In practice, every layer fought back.
Where It Broke
Tailscale DNS in LXC is fundamentally broken. The Tailscale daemon rewrites /etc/resolv.conf. The container's network config overwrites it again on restart. DNS dies. The fix is chattr +i /etc/resolv.conf -- making it immutable. It is ugly. It has not failed in six months.
192GB RAM is not generous. Fifteen services at 65% utilization (125GB). Jellyfin transcoding spikes to 4GB alone. Without hard memory limits on every container, one spike cascades into OOM kills across the node. I now set explicit ceilings on everything and disable swap entirely.
Backup storms. Running all backups at 2 AM created IO contention that spiked Nextcloud response times past timeout thresholds. Staggering across a 3-hour window fixed it. I only caught it because Prometheus was alerting on p99 latency.
Proxmox Backup Server does not belong in LXC. PBS needs direct block device access for efficient incremental backups. In an LXC container, it silently degrades to slow full-image reads. I burned a weekend before moving it into a lightweight VM.
What I Got Wrong
Monitoring should be the first service deployed, not the last. Half the problems above would have been caught on day one with Prometheus in place. I deployed it after the fact and immediately found three issues I had been ignoring.
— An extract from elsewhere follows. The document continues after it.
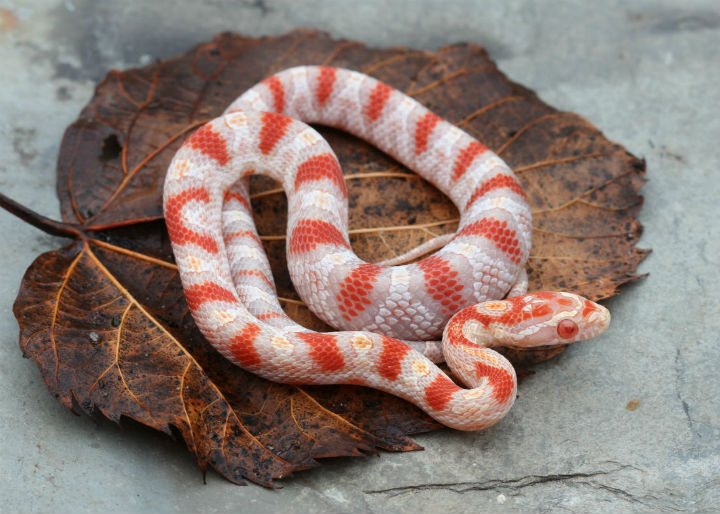 Reverse Okeetee Corn Snake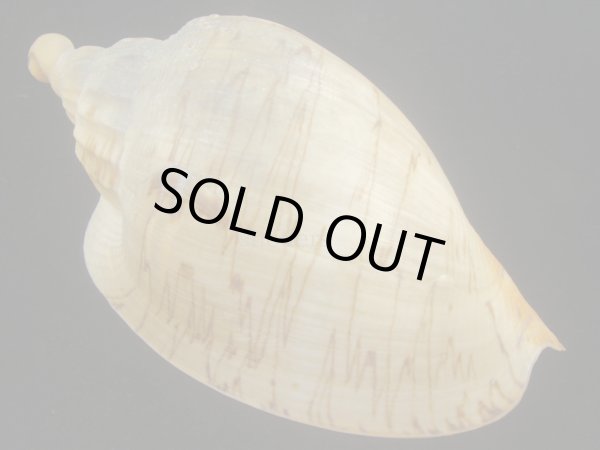 画像2: ダンシャクボラ(Livonia roadnightae) 大　老成 (2)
Five VLANs on day one was over-engineering. Management, DMZ, internal, IoT, lab -- the firewall rules between them created debugging complexity that was not justified at homelab scale. Two VLANs (trusted, untrusted) would have been sufficient to start. Add segmentation when you have a real threat model, not a theoretical one.
Backup restoration needs a schedule. I can rebuild the entire infrastructure from scratch in under 2 hours. But only because I tested it. The first restoration test revealed my Restic backups to Backblaze B2 were silently skipping a critical Nextcloud database dump.
The Numbers
Six months in: 99.94% uptime (one planned maintenance window). 65% RAM utilization, 15% CPU average. 70W idle, 170W under load. Monthly cost: $19 for electricity and Backblaze B2.
Equivalent cloud infrastructure runs $200+/month. The hardware paid for itself in four months.
The Actual Lesson
The single biggest improvement was migrating from a monolithic Docker host to dedicated LXC containers. Jellyfin transcoding no longer tanks Nextcloud. Snapshots are per-service. Logs and metrics are scoped. Failures are contained.
The best infrastructure disappears. This setup runs without me thinking about it, which was the entire point of building it.